------ Available records

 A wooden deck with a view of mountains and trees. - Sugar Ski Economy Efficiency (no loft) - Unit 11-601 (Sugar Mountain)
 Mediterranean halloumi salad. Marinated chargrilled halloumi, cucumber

------------
------ Available records

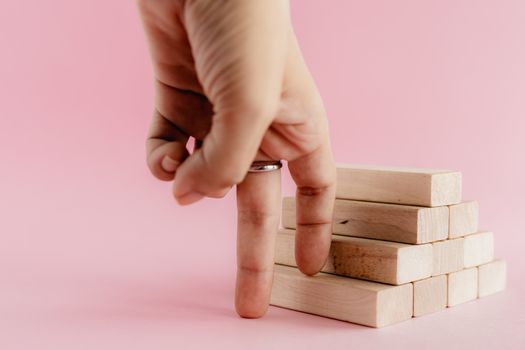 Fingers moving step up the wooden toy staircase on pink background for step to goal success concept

------------

→ **Aim of the task**
Transcribe, exactly and without additions, the lines of the records above, beginning with the line that contains "A wooden deck" and ending with the line that contains "Mediterranean halloumi salad.", both included.

→ **Answer space**
 A wooden deck with a view of mountains and trees. - Sugar Ski Economy Efficiency (no loft) - Unit 11-601 (Sugar Mountain)
 Mediterranean halloumi salad. Marinated chargrilled halloumi, cucumber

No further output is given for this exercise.